Plan in motion to set a default power price
PUTTING a cap on power prices could actually increase household bills, the state's pricing regulator is warning as the Morrison government prepares to green light the idea.
Energy Minister Angus Taylor has indicated the government will adopt the national consumer watchdog's plan to set a default power price - the maximum energy retailers could charge per kilowatt hour.
But NSW Independent Pricing and Regulatory Tribunal fears such a move would only push down prices in the short term and lead to lazy customer behaviour with less households shopping around for the best deal.
"In the short term a default tariff could help disengaged customers from paying excessive prices," the tribunal's latest report states.

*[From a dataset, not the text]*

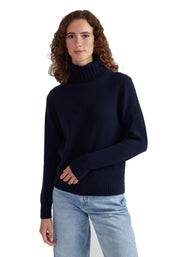 Style Republic 100% Pure Cashmere Regular Fit Turtleneck Women's Sweater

"However, over time it is likely to result in less customers actively shopping around in the market as the benefits from switching fall.
"In turn, this smaller market for active customers would lead to less vigorous competition and innovation, with fewer retailers competing in this market."
The tribunal instead recommends a benchmark that would not be enforced but would allow customers to easily work out if they were paying too much.
In a landmark report released in July the Australian Competition and Consumer Commission proposed introducing default tariffs and new rules to require all discounted offers to use that default price as the reference point.
It found the proposed default tariffs would save NSW households on standing offers at least $105 a year.
ACCC chairman Rod Sims said electricity retailers had been inflating standard prices so they could advertise bigger headline discounts without really cutting prices.
"We have got to take the obscenity, the fluff, out of these standing offers," Mr Sims said.
Ahead of a major speech in Sydney today, Mr Sims told The Daily Telegraph he "confident" the default price would be implemented "because of what I hear ministers".
Mr Taylor said the government was actively working to implement a number of the ACCC recommendations.
"Setting a competitive default price for electricity is one of the most effective measures to drive down power bills," he said.
"Establishing a common benchmark price will also increase transparency and customers switching."
The ACCC's report made 56 recommendations to reduce prices, including backing the Coalition's now-defunct National Energy Guarantee plan, killed off in August under pressure from government MPs opposed to the emissions reduction commitments.